Considerado
o homem mais rico do Brasil apenas dois anos atrás, Eike Batista diz
ter hoje um patrimônio líquido de US$ 1 bilhão negativo. O tombo veio a
reboque da derrocada da OGX, petroleira do grupo X, que pediu
recuperação judicial em outubro do ano passado. Hoje, após ter virado
réu em ação penal da Justiça Federal, o empresário quebrou o silêncio de
quase um ano, garantindo trabalhar diariamente pela reestruturação de
suas companhias. — Coloquei todo o meu patrimônio nas empresas. Ele
garante empréstimos e negócios do grupo.
O problema localizado em uma
delas, a OGX, contaminou todo o sistema. O fato do petróleo não ter a
produtividade esperada se tornou a raiz de toda essa corrida bancária.
E, quando se perde a credibilidade de uma empresa pública, você é
massacrado — afirmou o empresário em entrevista ao Globo.
Apesar da
crise no grupo e da corrida pela manutenção e recuperação das companhias
e de seus ativos, Eike afirma que não haveria um caminho diferente do
que percorreu. Se pudesse voltar atrás, afirma que fechar o capital da
OGX (hoje OGPar) poderia ter sido a escolha mais acertada.— No todo, não
poderia ter sido diferente. Eu acreditava no negócio.
Não tinha como
não ser otimista com os dados que eu tinha em mãos. Ninguém no mundo tem
uma participação tão grande numa empresa de petróleo.
Talvez, uma das
minhas falhas tenha sido que, no tempo certo, eu deveria ter
literalmente fechado o capital da OGX, usado private equity.

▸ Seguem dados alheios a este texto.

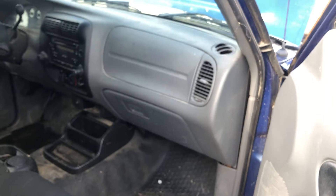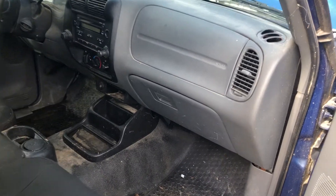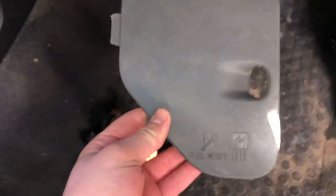The second fuse box location is located on the passenger side of the car, right over here. Here are the fuses. Here's the cover.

O Porto do Açu subiu ao posto de principal joia do grupo, substituindo a
antiga posição da OGX. A cada questionamento sobre a situação do grupo,
o empresário se agarra ao potencial do projeto, que está muito aquém do
prometido quando foi lançado. Ainda assim é citado por Eike como a
maior aposta para atrair investidores e novos negócios.
Em cinco a dez
anos, ele espera não só conseguir pagar sua dívida, como ter 20% de
participação no Açu e colocar seu patrimônio novamente no azul.
Eike
garante ter aprendido algumas lições com o tombo dos negócios: — Acho
que tocar cinco companhias juntas é muita coisa. Também acho que seria
mais fácil não ter capital aberto, o que nos daria de sete a dez anos
para trabalhar, já que o grupo tem projetos de infraestrutura de longo
prazo. Apesar do tombo, Eike mantém um discurso calibrado de que não é
pessimista em relação ao futuro do grupo, que soma duas empresas em
recuperação judicial, a OGX e a OSX (ainda em vias de aprovação do
processo), além de ter vendido outras companhias e outros ativos. A LLX,
de logística, foi rebatizada como Prumo, tendo passado às mãos da
americana EIG; a MPX, de energia, rebatizada como Eneva, tem a alemã
E.ON. como sócia majoritária.
O foco é reerguer o negócios. Não dá
para investir em novas frentes. Estamos nos recuperando. Os investidores
estrangeiros encaram esse movimento como natural. Ironicamente, o
empresário que sempre afirmou acreditar no país, vê agora a maior parte
de seus negócios passarem para as mãos de investidores estrangeiros.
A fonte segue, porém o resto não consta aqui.